Afghanistan Devastated by 25 Years of War
Afghanistan's water, forests, land, and the health of the people have been so devastated by 25 years of war, that these problems must be addressed immediately if there is to be any reconstruction of this nation, one of the very poorest on earth. Water and soil conditions are so bad in some areas, they will take generations to repair. These were the conclusions released in a report by the UN Environmental Programme at the end of January, prepared by a group of scientists who visited cities and villages in Afghanistan. This was the first comprehensive report on conditions in Afghanistan since the 1970s.
Drinking water is badly polluted all over the country; deforestation and overgrazing have badly damaged the land. Kabul and other cities have water so polluted that only 10% of the urban population can get clean water; the result is widespread epidemics. Also, sewers and sanitation facilities basically do not exist in the cities. In the mountains and deserts, deforestation is drastic. Water aquifers are drained, and what groundwater remains is contaminated. Soil erosion and pesticide pollution are so bad, that the scientists said that agriculture could be hampered for generations.

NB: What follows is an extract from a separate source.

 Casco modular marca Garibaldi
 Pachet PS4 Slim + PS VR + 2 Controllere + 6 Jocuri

According to the UN findings, deserts have spread widely, overtaking once-arable land. Widespread forests in north and east Afghanistan have disappeared between 1977 and 2002; in the western areas, 50% of forest cover has been cut down. The Sistan wetlands, which also extend into Iran, have dried up in just four years! Afghanistan has suffered terrible drought in the past three years. The Helmand River, which drains about 30% of Afghanistan, has been running at just 2% of its annual average in recent years. The displaced population is using up forests for fuel and shelter, and this problem is getting worse fast.
"The speed of deforestation is at the moment very rapid," Pekka Haavisto, chairman of UNEP's investigating group said on Jan. 29, "and that has to be stopped. Reforestation, water management, and stopping desertification are very essential for the livelihoods of Afghans."

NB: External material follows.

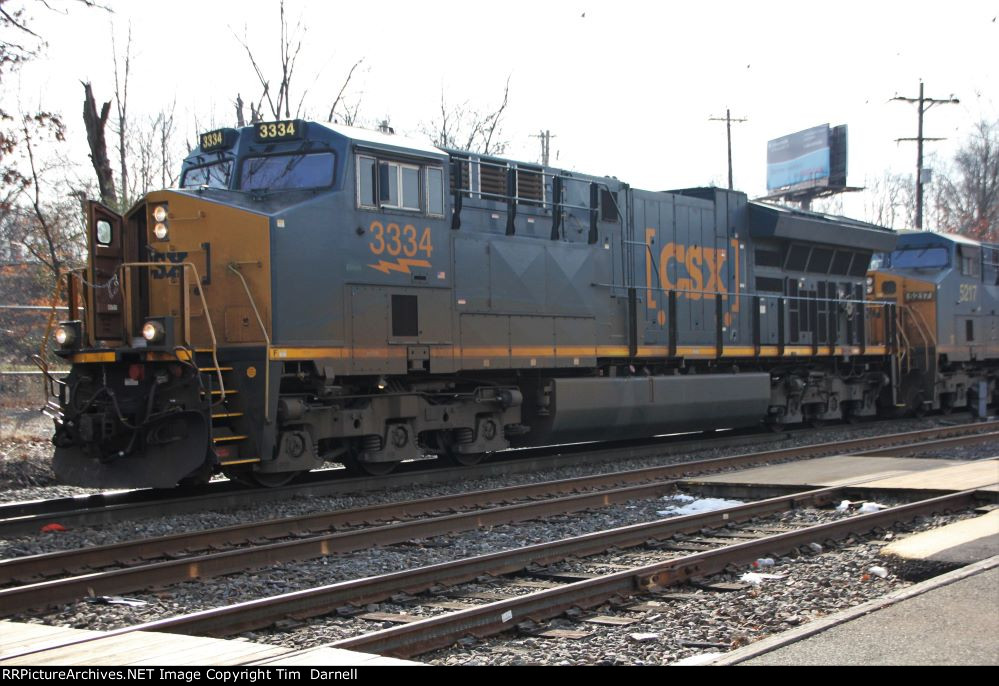 CSX 3334 leads Q404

At the same time, some 2 million refugees have returned to this devastated situation from neighboring countries, and another 1.5 million should return in 2003. Afghan Minister for Irrigation, Water Resources and Environment, Ahmad Yusuf Nuristani, said on Jan. 29 that neglect of the environment would threaten the existence of the Afghan people.
Afghanistan's first priority is to make up for its "lost generation" of trained men and women, Afghan Minister for Irrigation, Water Resources and Environment Nuristani, said at the end of January. The mechanisms to rebuild this lost generation have to be put in place, in the constitution, in law, and in schools, he said.